D’après un portrait peint par Charpentier, Portrait de P.F. Delly, Lithographie, Bibliothèque municipale de Besançon (EST.FC1651)
A quelques jours de là, Gustave se répète et poursuit : “Je ne puis pas suivre le cours de mathématique de M. Delly car il est déjà très avancé et je ne puis plus le rattraper” [2]. A la fin du mois suivant, en décembre 1837, il déclare définitivement : “Je n’ai pu me mettre au courant”, et quitte cette classe après deux mois d’enseignement. Il ajoute : “je suis allé trouver M. le proviseur qui m’a dit qu’il allait vous avertir” [3]. La réponse à cette démarche se trouve dans le bulletin trimestriel du 15 janvier 1838, où il est mentionné : “suit maintenant un cours plus à sa portée”, preuve que, entre les deux dates, une solution a été trouvée.

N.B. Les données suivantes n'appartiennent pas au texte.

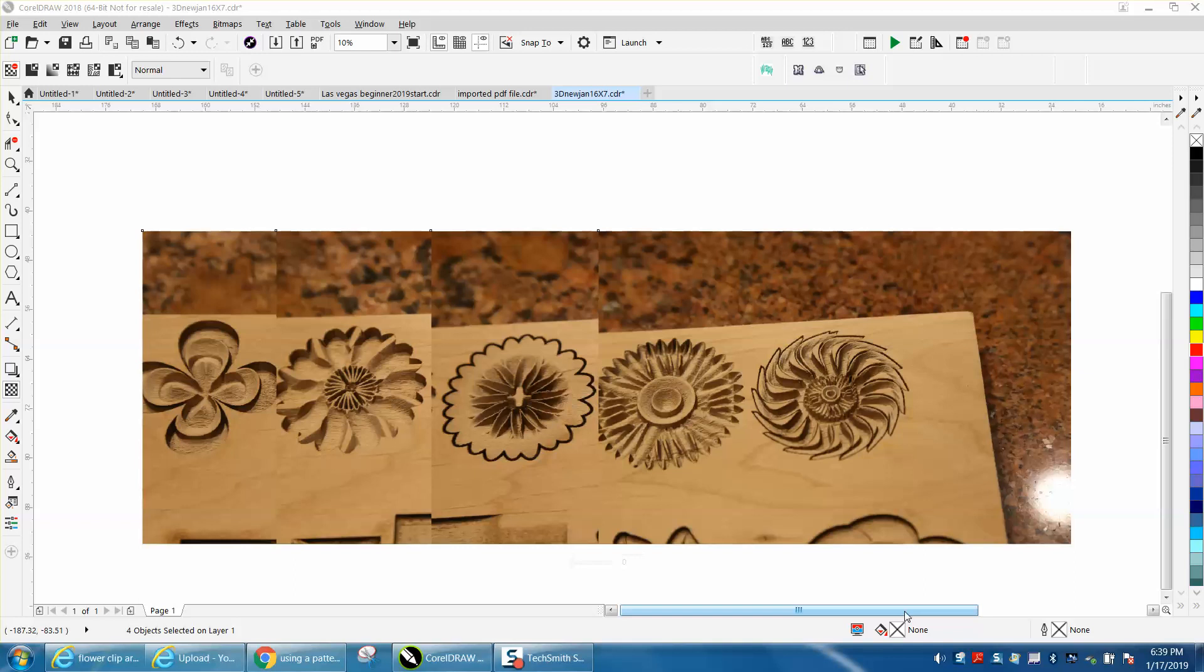Hi, it's me again with CorelDraw Tips and Tricks and this is another video in the series of 3D Drawing and I did all but this one right here.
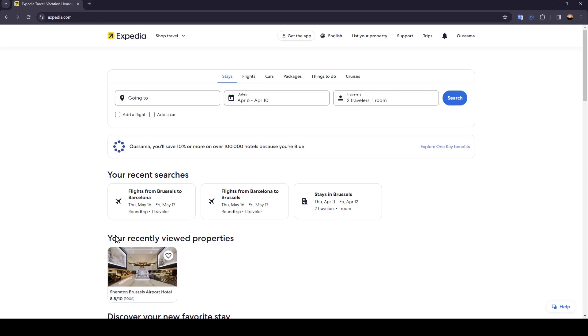Hello everyone and welcome back to a new video. In this video I'm going to show you how you can get a refund on Expedia. If you want to learn how to do it, just follow the steps that I'm going to show you.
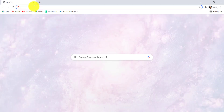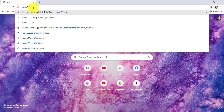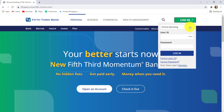First of all, go to the web browser of your choice and in the address bar, type www.53.com and hit enter. You'll then be redirected to the official website of Fifth Third Bank. Now, click on the login option that can be seen at the top right corner of the screen and then choose online banking.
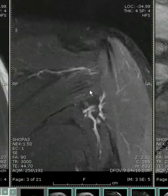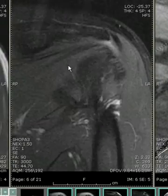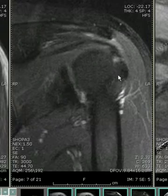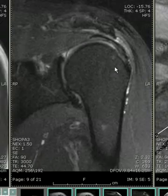Coronally, we will begin most posteriorly, and we can see our infraspinatus tendon nicely attaching to the region of the footprint to bone.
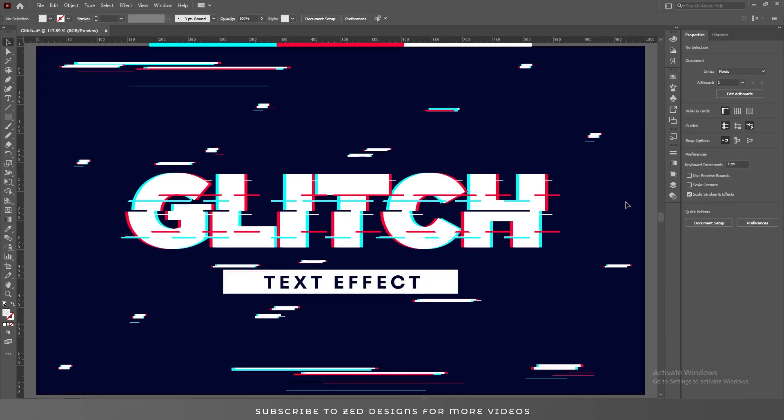Here is our final glitch text effect. If you have learned something from this video, please do like and subscribe to my channel. Thanks for watching.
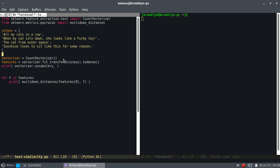So we create a vectorizer, which turns all of each document into a numeric list, a so-called vector, because computers can use the numbers.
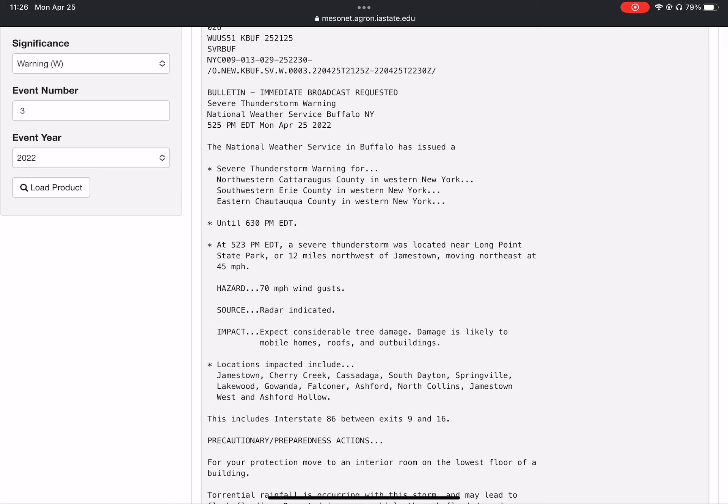The National Weather Service in Buffalo has issued a severe thunderstorm warning for northwestern Cattaraugus County, southwestern Erie County, and eastern Chautauqua County.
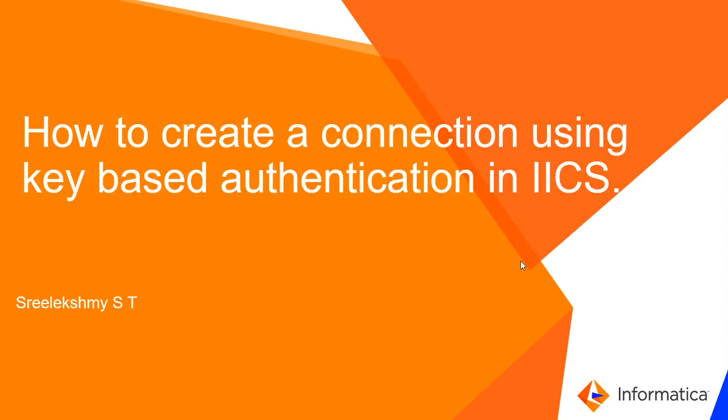Hi, this is Sri Lakshmi from Informatica Technical Support. In this video, we will discuss how to create a connection using key-based authentication in IACS.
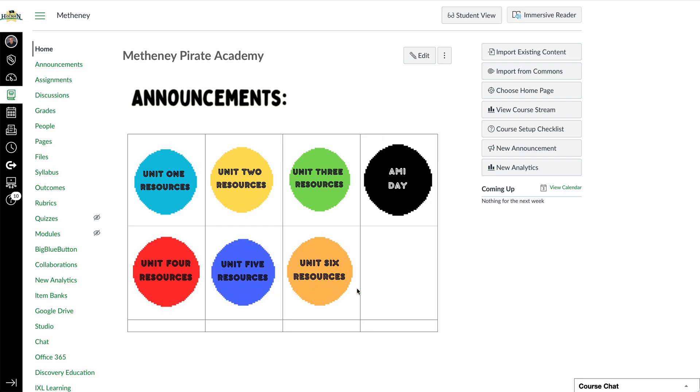Okay, so to copy a rubric from one course to the other, I'm going to start off by opening the course that you want the rubric to go into.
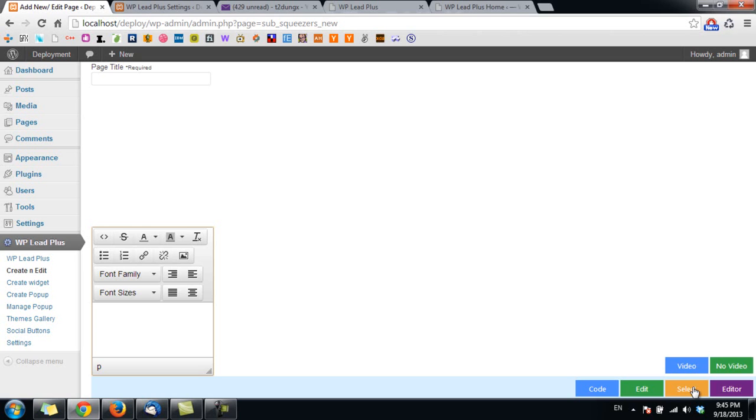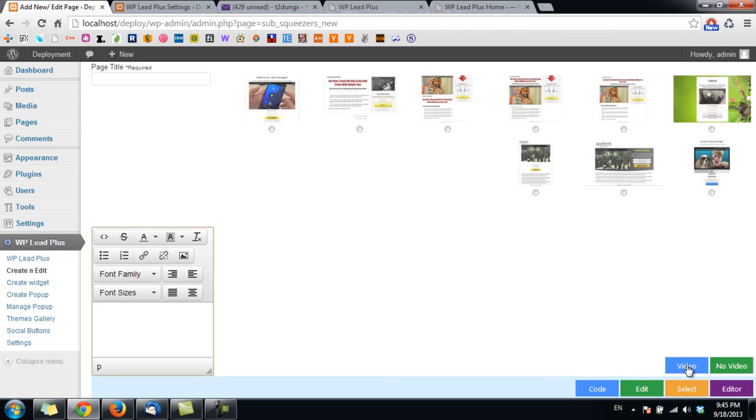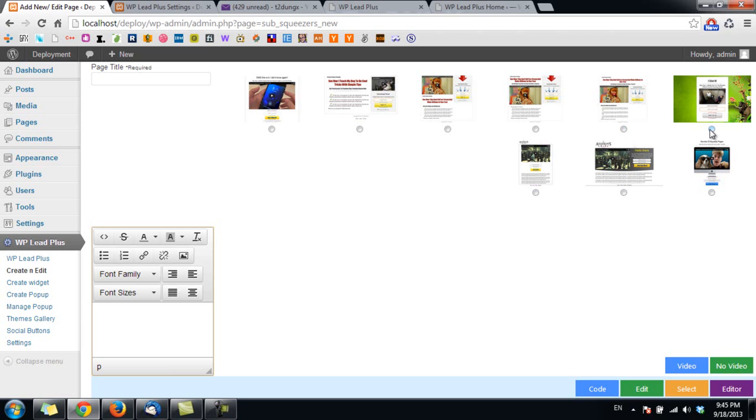There are two types of squeeze page templates: templates with video and ones without video. For example, if I want to get a template with video, I click on video here and we'll see the templates that I can choose from. I choose this one and I click on edit this to start editing the squeeze page.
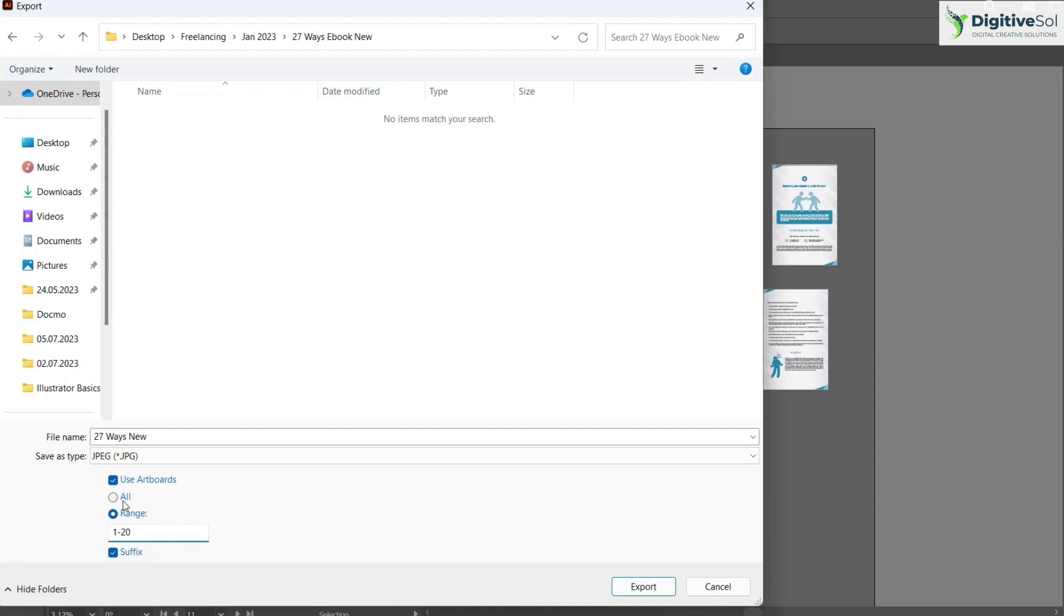If you click on All, the graphics that are outside the artboard will also be caught up in any of the JPG images and will not give the desired results. You need to press on the Range field and then select the range.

Dire que le cours “est très avancé” ajoute, en effet, à la confusion du jeune homme, car c’est bien l’observation que fait l’Inspection générale pour ce professeur, par ailleurs reconnu, dès 1825, comme “un talent distingué, obtenant beaucoup de succès” [4], notamment dans les classes préparatoires, essentiellement pour Polytechnique. En 1838 encore, il “ expose son idée d’une façon fort claire et les résultats qu’il obtient sont satisfaisants” [5]. Mais en 1840, on remarque son habitude à “parcourir tout l’exigé dans le premier trimestre pour répéter ensuite, et revenir sur les détails”, ce qui était manifestement “trop rapide pour les élèves nouveaux” [6]… et pour Courbet, particulièrement. Dans le même temps, les différents rapports insistent sur un fait que Courbet ne pouvait ignorer, et qu’il passe sous silence dans les lettres disponibles. On parle en effet, “d’apoplexie”, de “congestion cérébrale”, et enfin de la véritable raison d’un état de santé déficient, qui se révèle être “des défauts d’intempérance”, au point qu’une enquête est diligentée par l’administration, à la suite de laquelle l’enseignant a semblé s’amender. Toutefois, à la date du 9 septembre 1838, il est encore indiqué que “sa conduite est comme sa santé, irréprochable le matin” [7]. Dans les faits, le professeur n’a pu se guérir et meurt dans la nuit du 6 au 7 novembre 1841, officiellement d’une attaque d’apoplexie, comme l’écrit Louis Pasteur à ses parents [8], tandis que l’abbé Dartois note dans un manuscrit conservé aux archives historiques de l’Archevêché de Besançon, qu’il “est mort hors de sa maison, victime de la malheureuse passion pour le vin”, peut-être dans quelque caniveau, est-il suggéré. »
[1] Delly, Pierre-François, 1791-1841, Chu, Corr. 37-1, p. 17.
[2] Chu, Corr., 37-2, p. 19.
[3] Ibid., 37-7, p. 23.
[4] AN, F17 7724.
[5] Ibid., 9 septembre 1838.
[6] AN F17 7725.
[7] AN F17 7724.
[8] Lettre de Pasteur à ses parents, 7 novembre 1841, citée par Richard Moreau, Louis Pasteur, De Besançon à Paris, L’Envol, Paris, L’Harmattan, 2003, p. 89.